Carbon Beach Malibu is a bold contemporary work of California Impressionism. From the hand of visionary Laguna Beach artist Manfred H. Kuhnert, the Californian ‘en plein-air’ painting tradition continues. Typical of that tradition is the coastal landscape and fittingly a genre that is among Kuhnert’s most desired subjects. Here, an elevated view of Malibu’s Carbon Beach is painted in a manner that evokes a familiar sense of the Mediterranean through a stylistic lineage from French Impressionism.
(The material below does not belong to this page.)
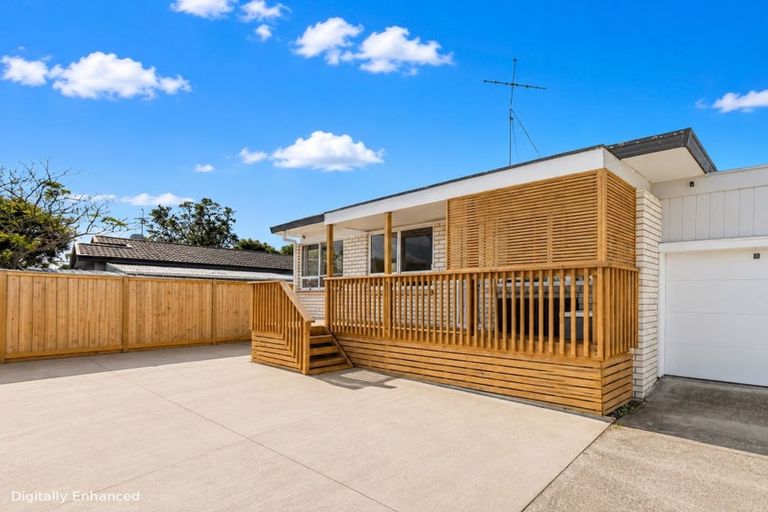 Photo of property in 2/33f Springs Road, Parakai, 0830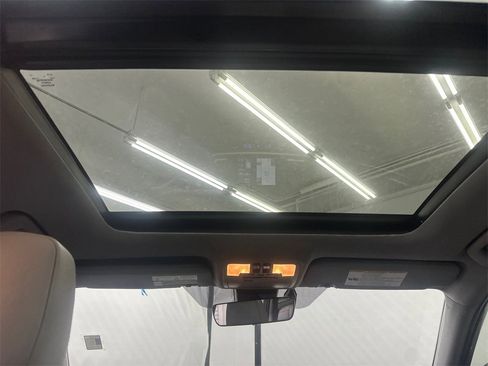 Used 2019 Toyota Highlander Limited Platinum image 24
Warm, earthy tones capture the Southern California setting, and a sensation of sunbaked Pacific heat completes the local inflection.
 
Among the most engaging qualities in this painting is the careful composition around contrasting tones - between the earthy reddish qualities of the Malibu clay cliffs and the luminous blues and whites of the Pacific. Typical of Kuhnert’s practice is the heavy application of paint. His strokes modulate loosely throughout the image from generous and painterly moments when rendering the noisy, boisterous action of the ocean to a finer, much more delicate detail in the lines of the shoreline architecture. That careful approach to the urban setting in Carbon Beach Malibu perfectly captures the idea of Malibu as California’s beach city.
 
Kuhnert’s composition varies tone in vertical bands as we read the image from left to right. Emerging from the architectural shadows, we move towards the light, centered around the waves crashing on the beach before giving way to the dark and, again, shadowy regions of the deep blue sea. That progression is amplified in the sophisticated use of perspective, with the sky and ocean merging into a single entity as the land tapers away into the horizon. In Kuhnert’s hand, the effect is one of motion and energy, allowing the viewer to read the image in a motion that takes you out to sea and then pulled back to shore again and again. That circular motion echoes the ebb and flow of the Pacific at work.